## Problem details
Transcribe the lines below exactly, beginning with the line that holds "Recambio de piston" and ending with the final line, both included. Pictures are to be left out.

## Information shown
┄┄┄┄┄┄┄┄┄┄┄┄┄┄┄┄┄┄┄┄

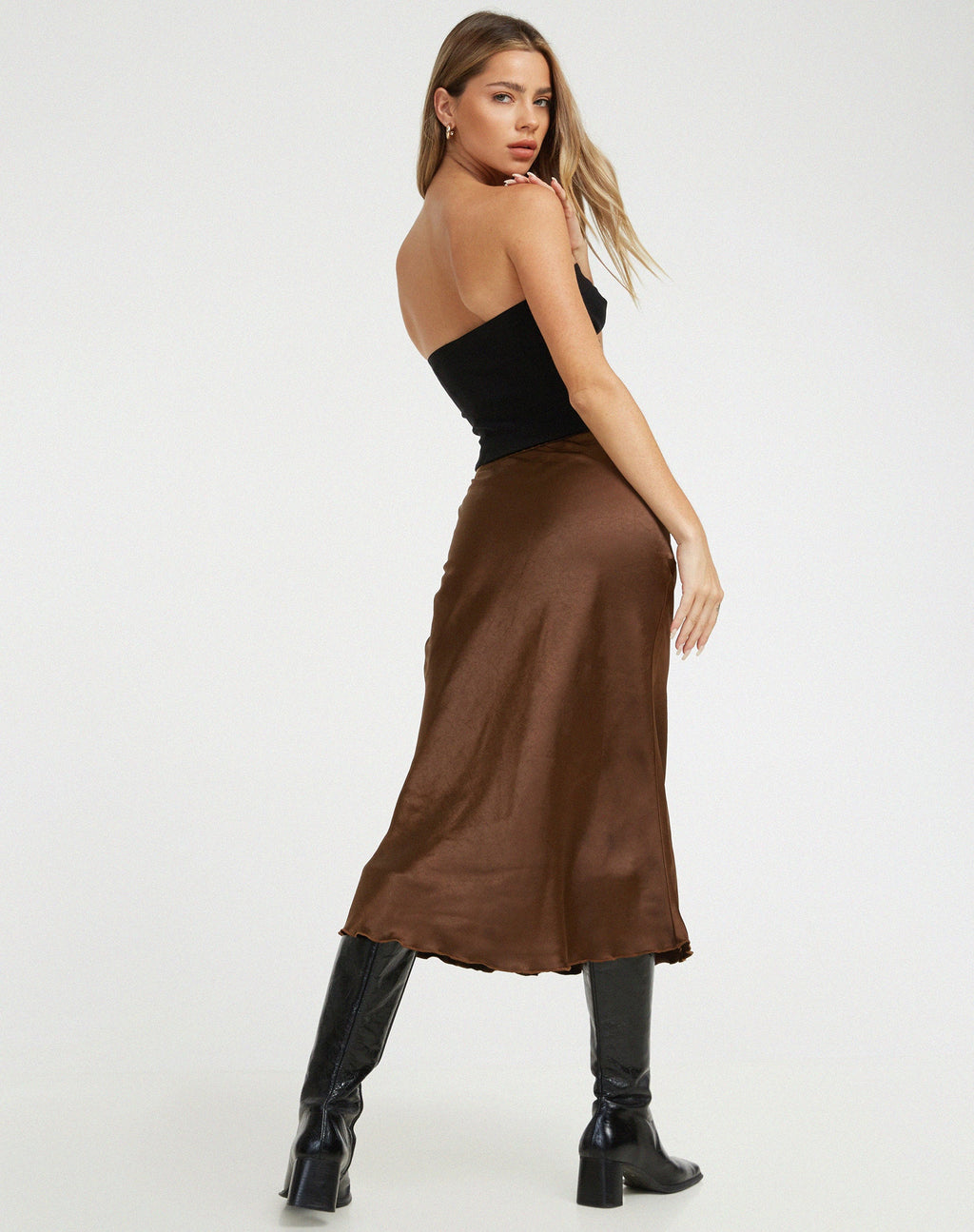 Jupe midi Goya en satin chocolat amer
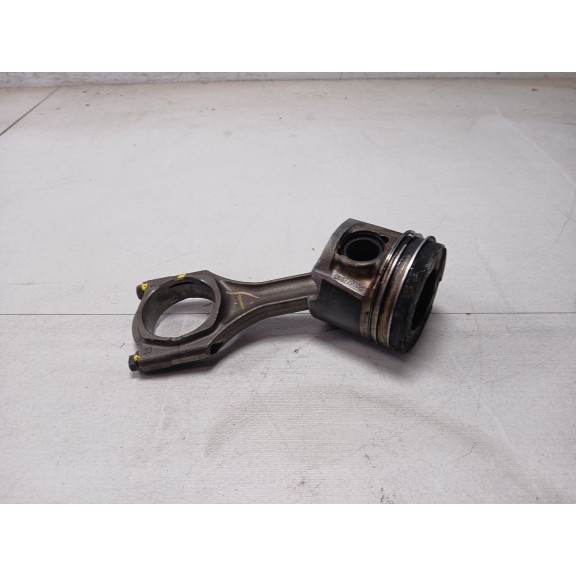 Recambio de piston para opel mokka excellence referencia OEM IAM 0687776302  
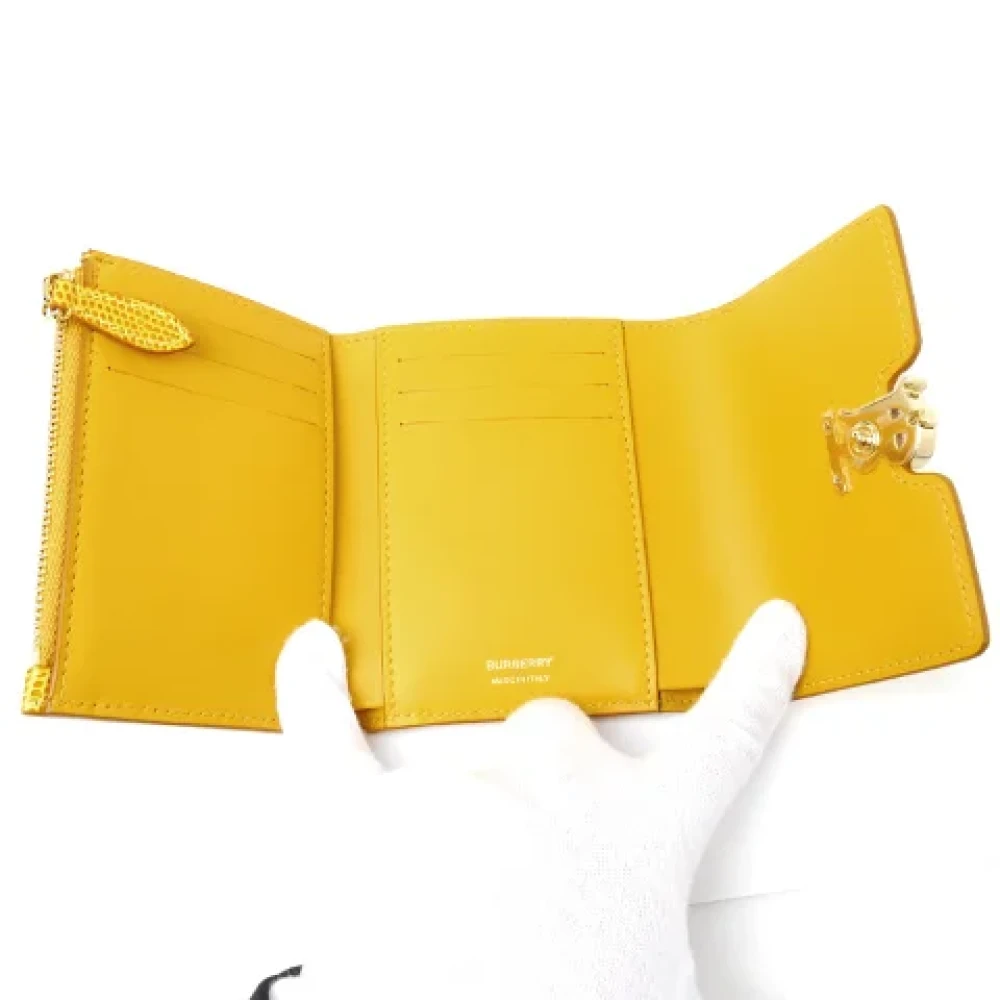 Burberry Vintage Pre-owned Canvas wallets Yellow Dames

┄┄┄┄┄┄┄┄┄┄┄┄┄┄┄┄┄┄┄┄

## Exercise response
 Recambio de piston para opel mokka excellence referencia OEM IAM 0687776302  
 Burberry Vintage Pre-owned Canvas wallets Yellow Dames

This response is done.